(Recorded information)
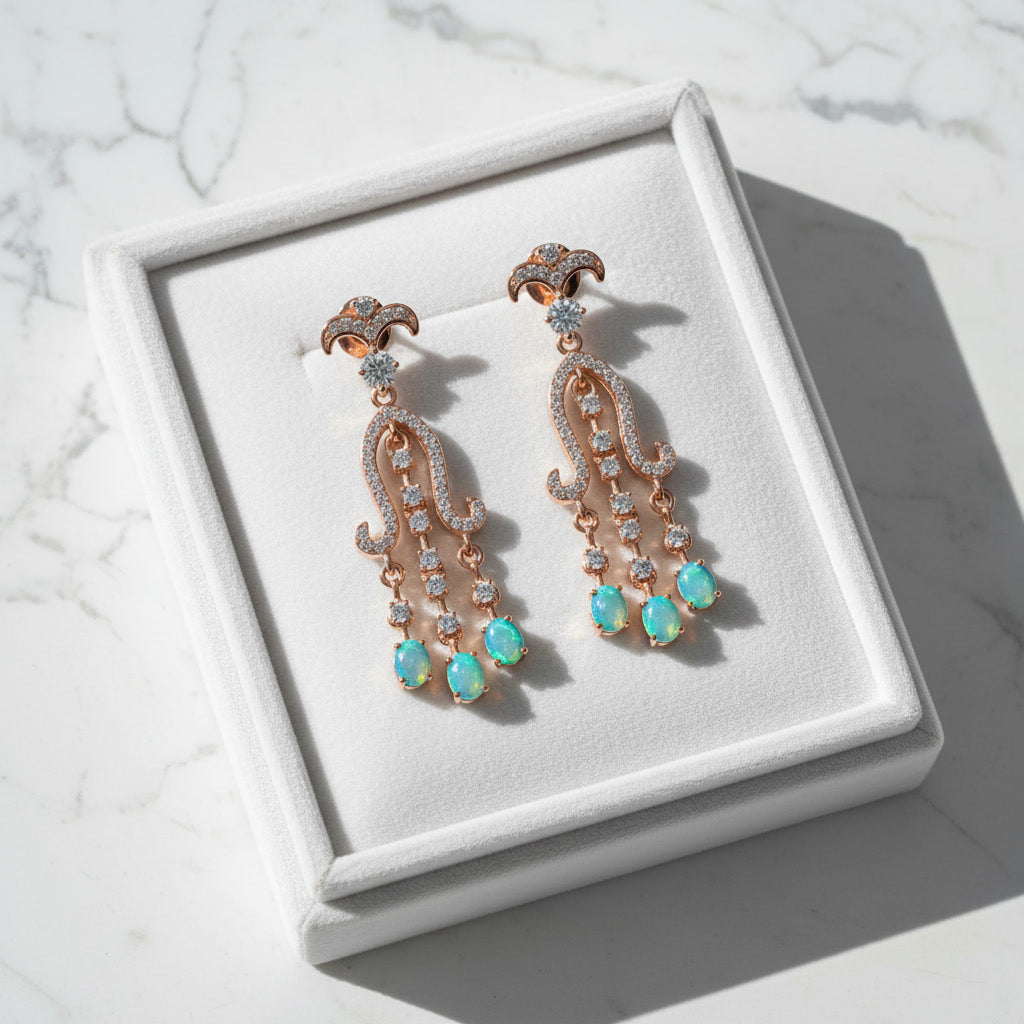 Blue Opal Chandelier Earrings 3x4mm 925 Sterling Silver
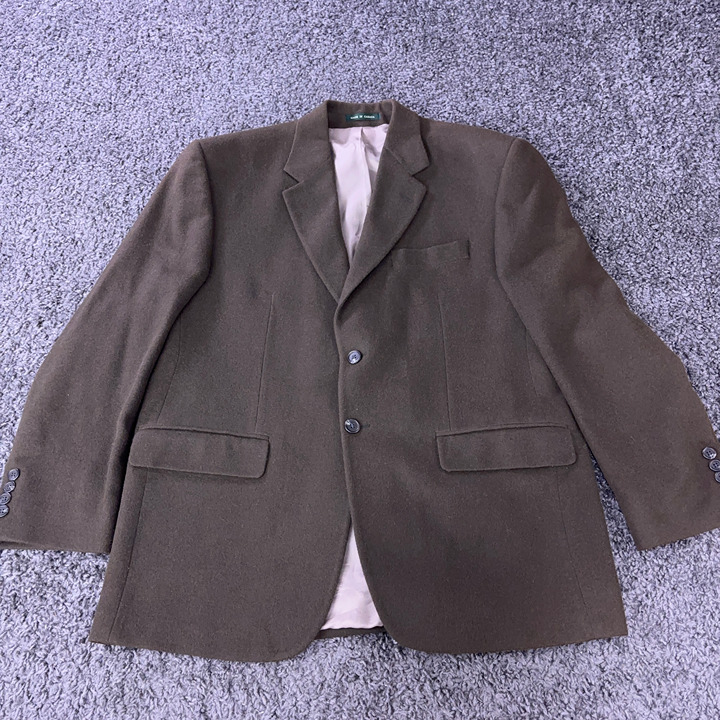 Lauren Ralph Lauren Camel Hair Blazer Men Size 42S Green 2 Button Made in Canada
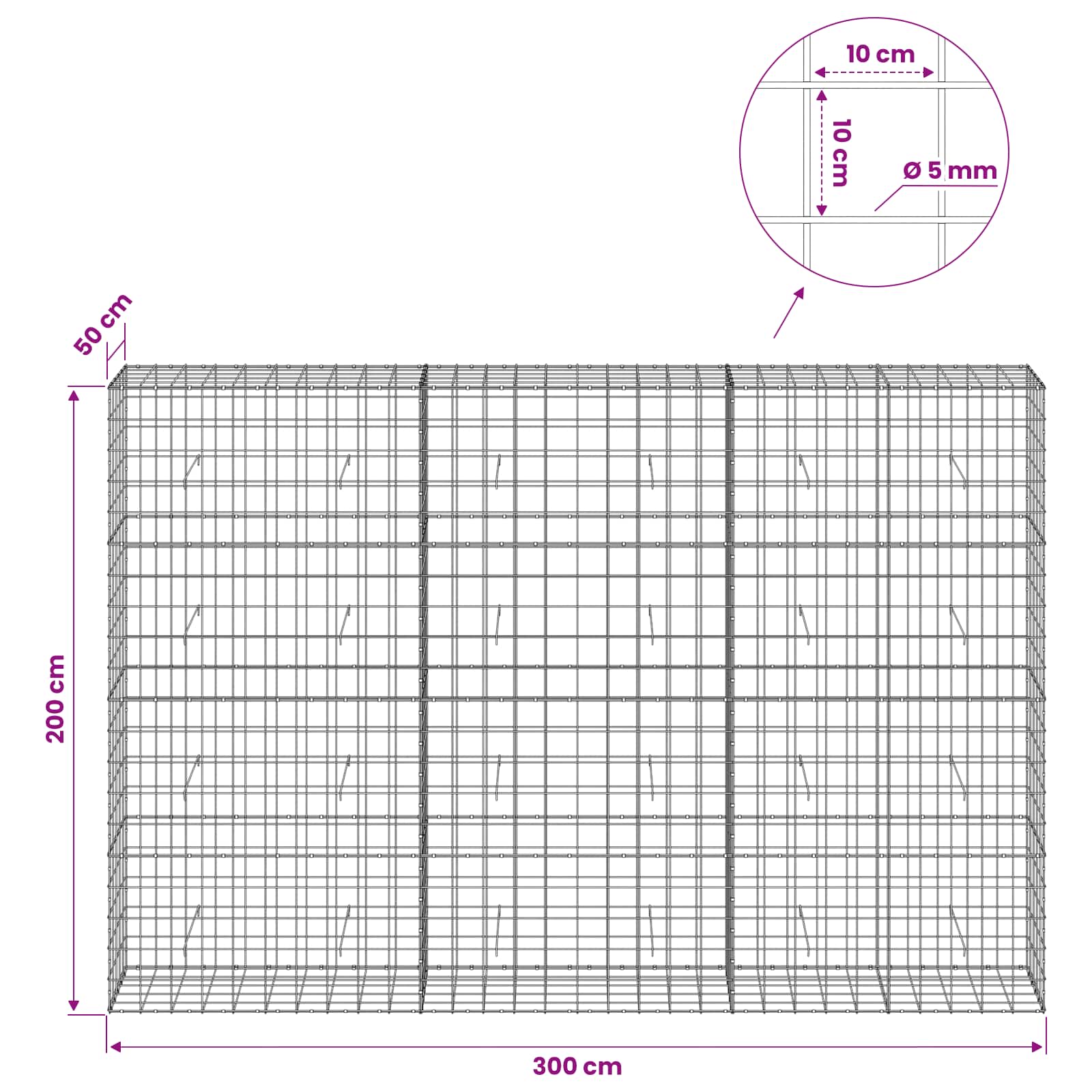 Gabion z žico 5 mm in mrežo 10x10 cm 300x50x200 cm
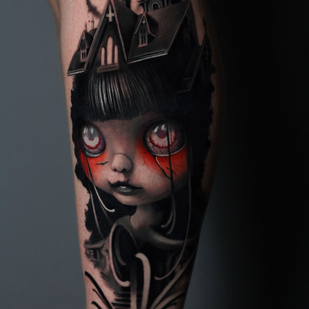 Femenino Negro y Gris Retrato tatuaje en Espinilla #86222 | Tattoo Artist Anastasiya Yusupova CAT_KABUKI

(What is expected) Could you print the data exactly as it appears and keep the pictures out?

(Solution below)
 Blue Opal Chandelier Earrings 3x4mm 925 Sterling Silver
 Lauren Ralph Lauren Camel Hair Blazer Men Size 42S Green 2 Button Made in Canada
 Gabion z žico 5 mm in mrežo 10x10 cm 300x50x200 cm
 Femenino Negro y Gris Retrato tatuaje en Espinilla #86222 | Tattoo Artist Anastasiya Yusupova CAT_KABUKI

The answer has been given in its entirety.